Deep Learning On RLBench

Use RLBench to simulate/train robot agents. The robot agents will use Neural networks to run.

Relevant Modules

Environment

The Environment can be imported. Every environment takes an ActionMode and ObservationConfig which will help determine the inputs actions and the observations the environment will make.

Every Observation consists of the below data points which are captured in the demos.

class Observation(object):
    """Storage for both visual and low-dimensional observations."""

    def __init__(self,
                left_shoulder_rgb: np.ndarray,
                left_shoulder_depth: np.ndarray,
                left_shoulder_mask: np.ndarray,
                right_shoulder_rgb: np.ndarray,
                right_shoulder_depth: np.ndarray,
                right_shoulder_mask: np.ndarray,
                wrist_rgb: np.ndarray,
                wrist_depth: np.ndarray,
                wrist_mask: np.ndarray,
                joint_velocities: np.ndarray,
                joint_positions: np.ndarray,
                joint_forces: np.ndarray,
                gripper_open_amount: float,
                gripper_pose: np.ndarray,
                gripper_joint_positions: np.ndarray,
                gripper_touch_forces: np.ndarray,
                task_low_dim_state: np.ndarray):

Observations for an experiment can be configured using ObservationConfig.

obs_config = ObservationConfig()
obs_config.set_all(False)
obs_config.left_shoulder_camera.rgb = True
obs_config.right_shoulder_camera.rgb = True

ArmActionMode.ABS_JOINT_VELOCITY helps specify the what the action will mean.

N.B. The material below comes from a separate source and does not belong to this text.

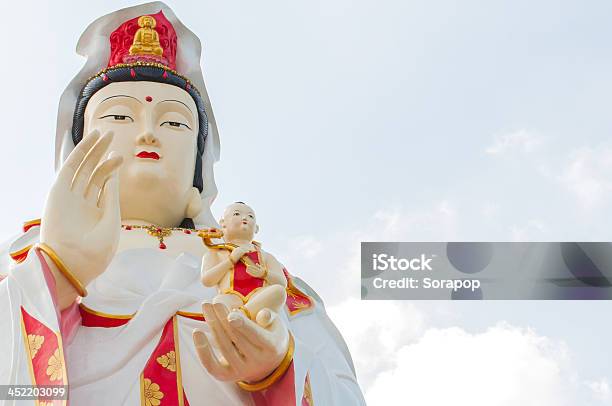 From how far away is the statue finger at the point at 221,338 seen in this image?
391 centimetres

More action Modes available here. This basically means that when U provide an action it will expect it to mean what is selected in ArmActionMode.

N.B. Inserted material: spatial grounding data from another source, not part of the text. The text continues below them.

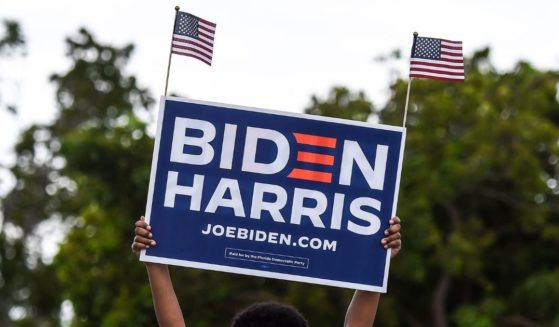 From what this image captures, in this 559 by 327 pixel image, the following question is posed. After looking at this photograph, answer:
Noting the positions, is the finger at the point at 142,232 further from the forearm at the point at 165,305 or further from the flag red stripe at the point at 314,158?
the flag red stripe at the point at 314,158

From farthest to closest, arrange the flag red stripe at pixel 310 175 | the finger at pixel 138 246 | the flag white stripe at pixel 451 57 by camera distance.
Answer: the flag white stripe at pixel 451 57 < the flag red stripe at pixel 310 175 < the finger at pixel 138 246

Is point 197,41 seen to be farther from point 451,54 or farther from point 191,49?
point 451,54

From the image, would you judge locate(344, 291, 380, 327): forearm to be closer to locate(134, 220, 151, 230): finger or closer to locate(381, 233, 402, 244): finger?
locate(381, 233, 402, 244): finger

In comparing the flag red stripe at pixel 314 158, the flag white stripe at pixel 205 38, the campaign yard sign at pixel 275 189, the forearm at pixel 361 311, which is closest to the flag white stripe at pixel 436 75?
the campaign yard sign at pixel 275 189

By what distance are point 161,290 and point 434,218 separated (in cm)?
2317

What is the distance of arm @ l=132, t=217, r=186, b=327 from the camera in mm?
4586

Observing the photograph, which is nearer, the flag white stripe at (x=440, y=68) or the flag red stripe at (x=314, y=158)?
the flag red stripe at (x=314, y=158)

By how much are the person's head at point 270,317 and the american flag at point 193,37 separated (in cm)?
206

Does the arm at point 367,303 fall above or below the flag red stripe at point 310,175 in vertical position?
below

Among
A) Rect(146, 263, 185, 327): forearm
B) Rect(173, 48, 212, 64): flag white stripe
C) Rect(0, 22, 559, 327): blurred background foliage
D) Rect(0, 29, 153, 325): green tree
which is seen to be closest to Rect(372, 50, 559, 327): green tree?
Rect(0, 22, 559, 327): blurred background foliage

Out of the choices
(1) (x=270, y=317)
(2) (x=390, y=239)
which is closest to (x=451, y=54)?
(2) (x=390, y=239)

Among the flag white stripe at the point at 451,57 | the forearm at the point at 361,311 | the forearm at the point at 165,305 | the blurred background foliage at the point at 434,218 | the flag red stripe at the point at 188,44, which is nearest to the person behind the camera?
the forearm at the point at 165,305

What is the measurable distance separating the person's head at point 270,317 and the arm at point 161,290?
0.69 m

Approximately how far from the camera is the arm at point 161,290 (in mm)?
4586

from rlbench.environment import Environment
from rlbench.action_modes import ArmActionMode, ActionMode
action_mode = ActionMode(ArmActionMode.ABS_JOINT_VELOCITY)
env = Environment(
    action_mode, DATASET, obs_config, False)
# for obs_config refer to Tasks 
env.launch()

Task

Every Environment consists of tasks which can use Different Robots to do different things.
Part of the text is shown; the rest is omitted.